* **WORK INSTRUCTIONS**:
Looking at the entries below, how many lines include the word "Gold"? Answer with the number alone.

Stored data
####

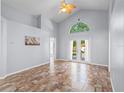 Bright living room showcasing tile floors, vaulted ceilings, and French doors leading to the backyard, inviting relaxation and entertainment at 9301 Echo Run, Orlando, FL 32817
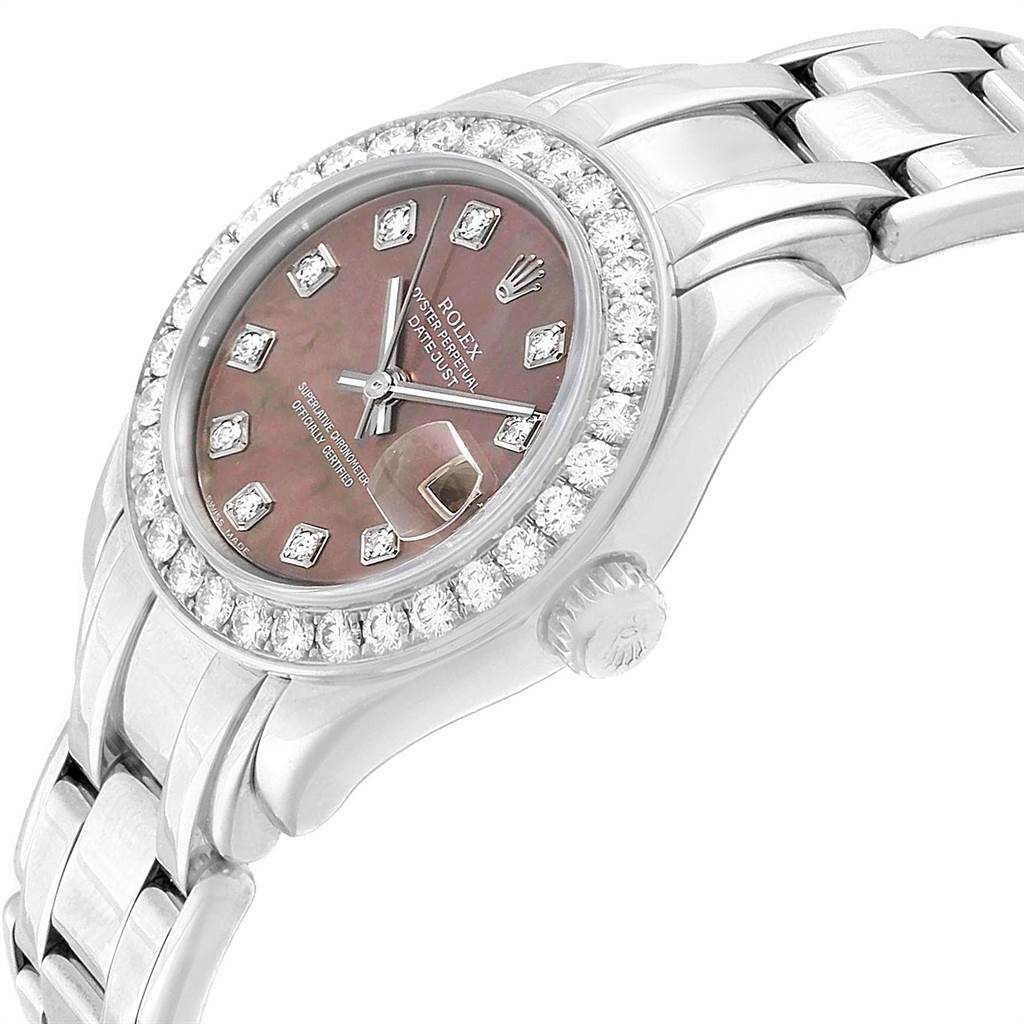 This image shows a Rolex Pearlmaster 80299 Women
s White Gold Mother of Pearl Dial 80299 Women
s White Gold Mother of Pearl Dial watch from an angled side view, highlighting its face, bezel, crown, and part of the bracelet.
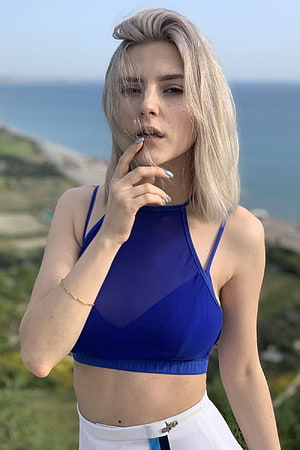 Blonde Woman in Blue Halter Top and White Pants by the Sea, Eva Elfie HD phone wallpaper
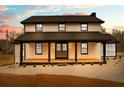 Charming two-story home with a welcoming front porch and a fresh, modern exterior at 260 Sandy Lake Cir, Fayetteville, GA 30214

####

* **REPLY TO THE EXERCISE**:
2